Activity: No picture should appear in the copy. Transcribe exactly, and only, the lines from the one with "Read online Daybreak" through the last line of the data below.

Data records:
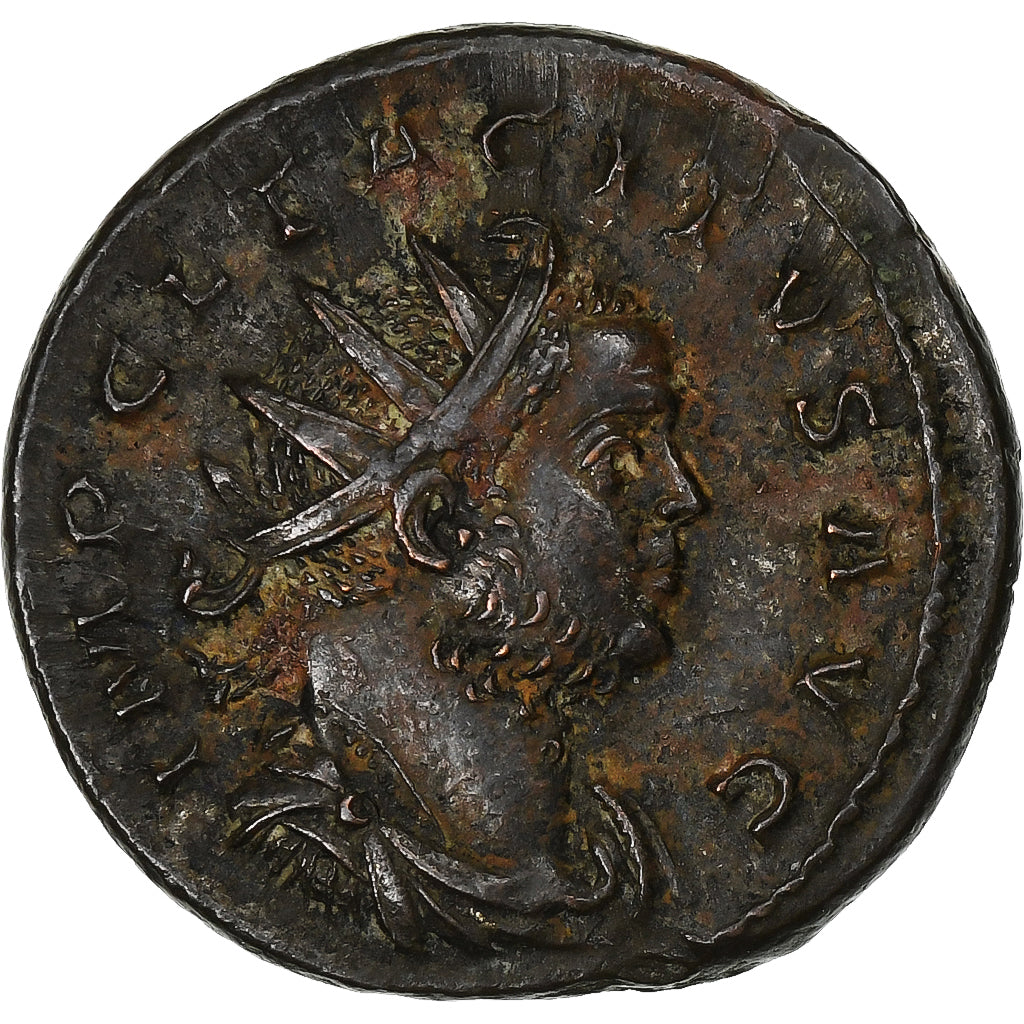 Tacitus,
Antoninianus,
275-276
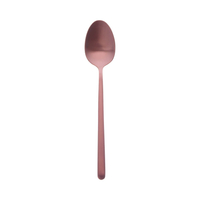 Łyżeczka do herbaty, 146 mm | OVE, Amarone Bronze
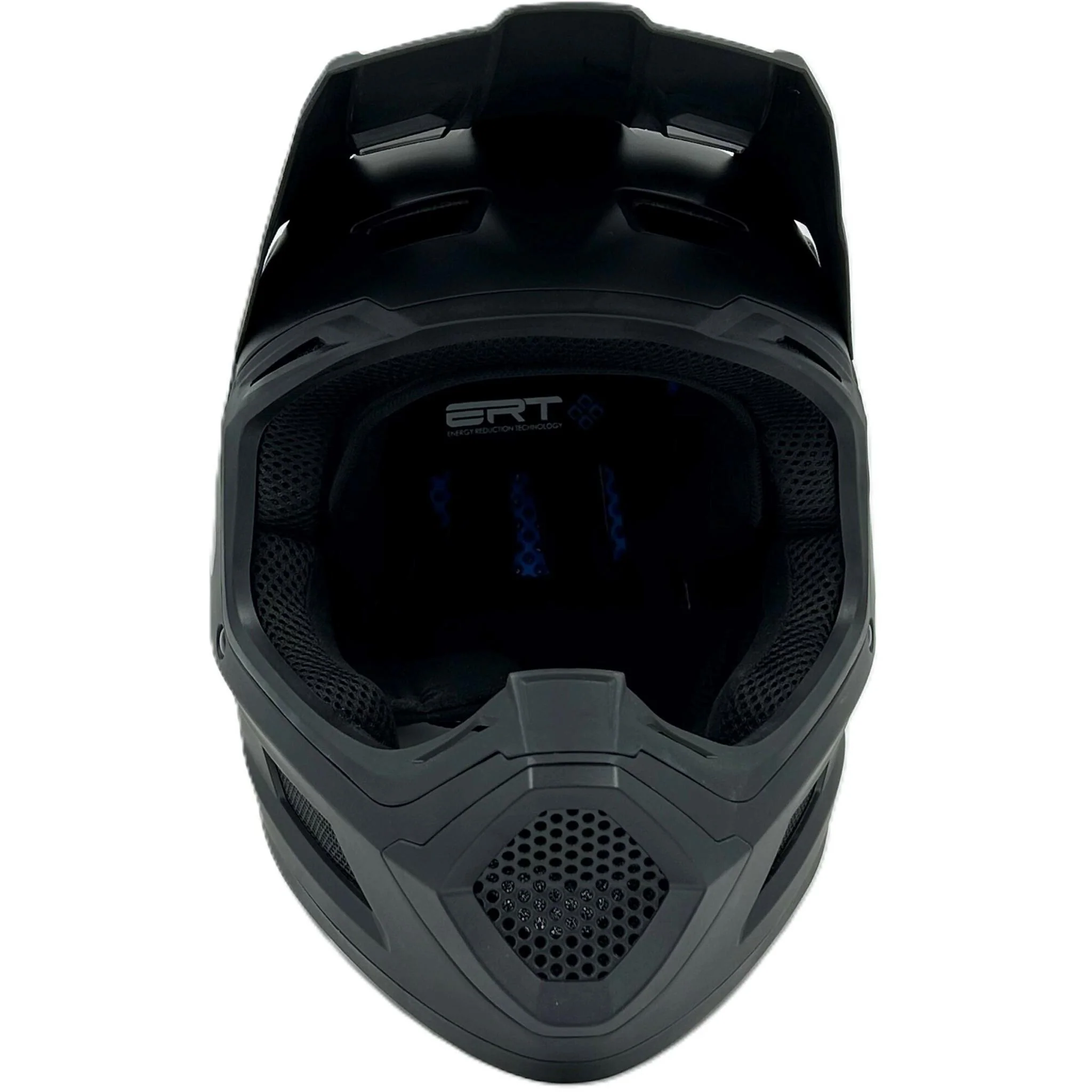 Jetblack Pro Fullface MTB Helmet Black - Image 2
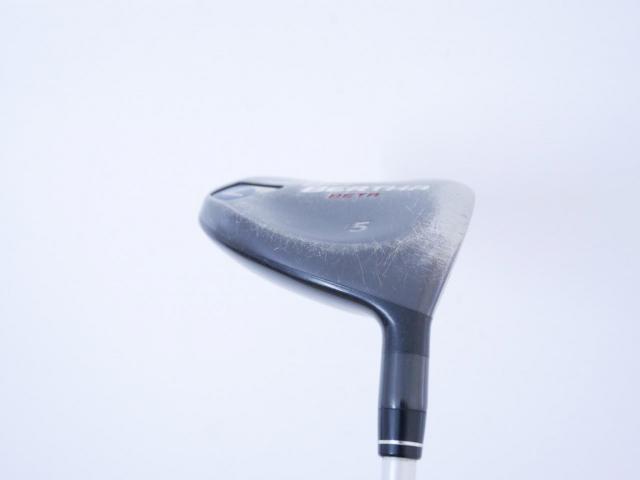 Fairway Wood : callaway : หัวไม้ 5 Callaway Big Bertha BETA Loft 19 ก้าน Fujikura Air Speeder Flex R
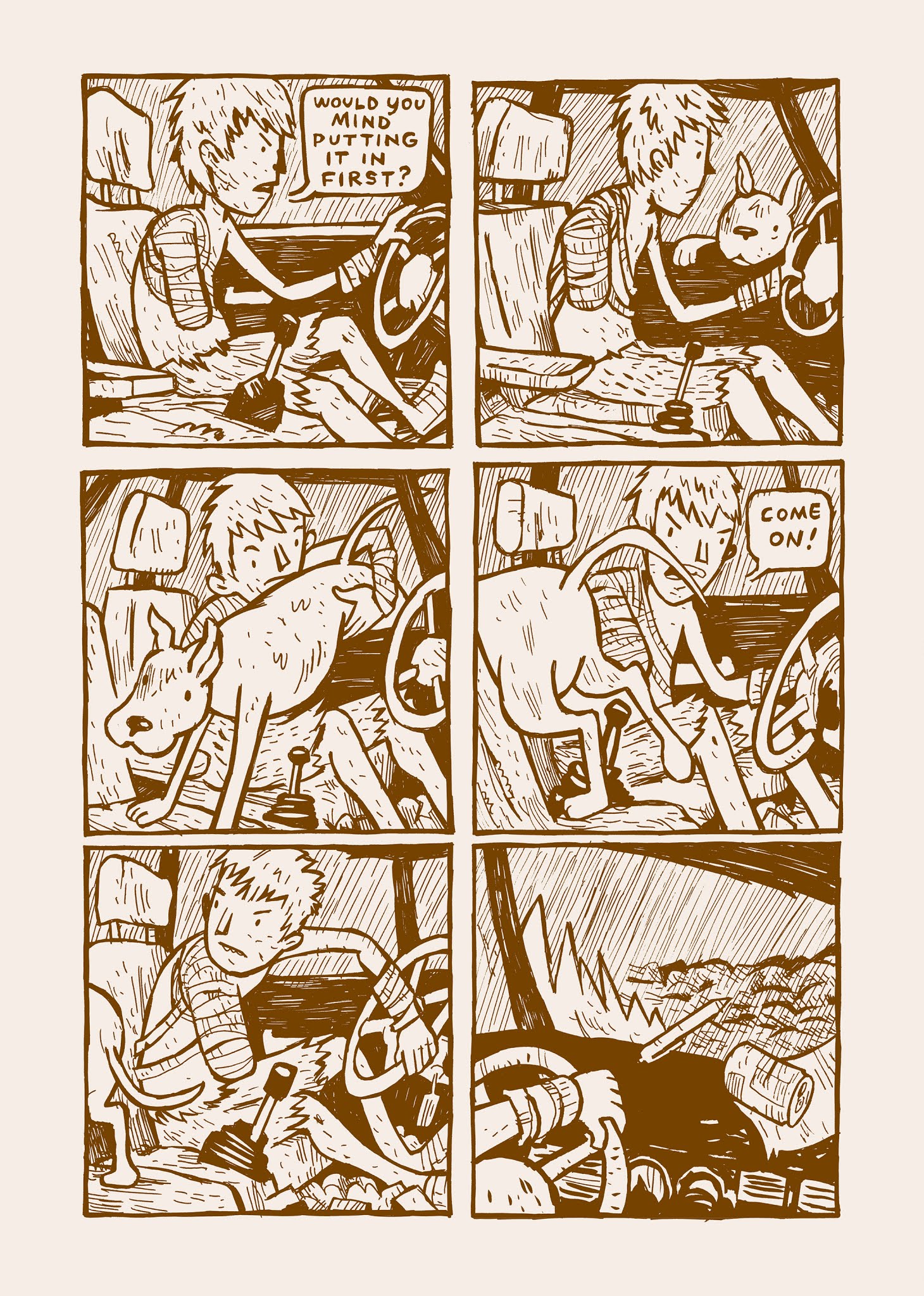 Read online Daybreak comic -  Issue # TPB (Part 1) - 61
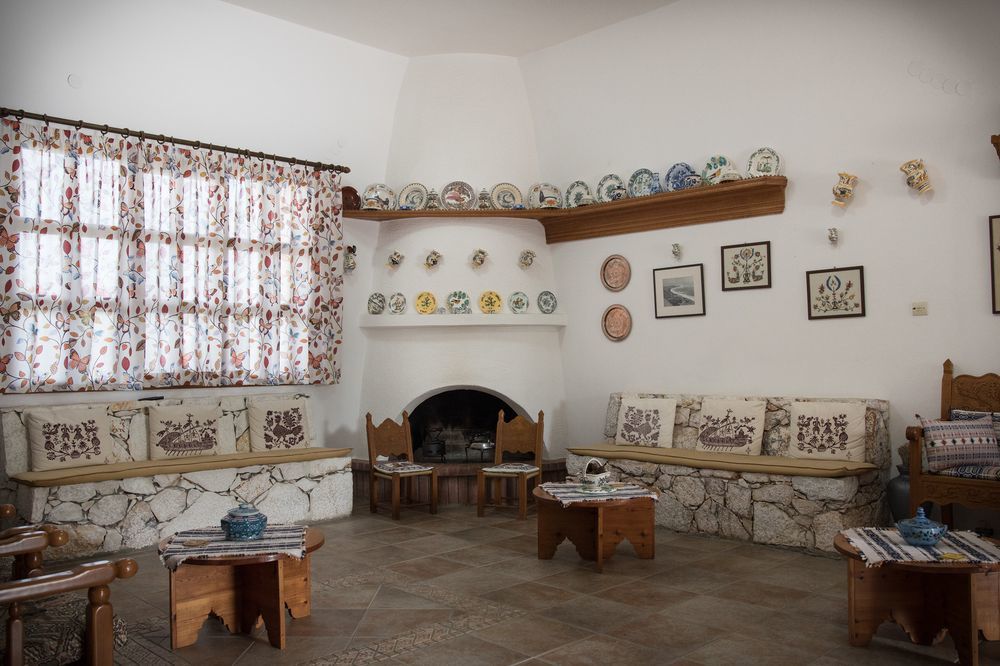 Hotel Angela İskiri Dış mekan fotoğraf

Answer section:
 Read online Daybreak comic -  Issue # TPB (Part 1) - 61
 Hotel Angela İskiri Dış mekan fotoğraf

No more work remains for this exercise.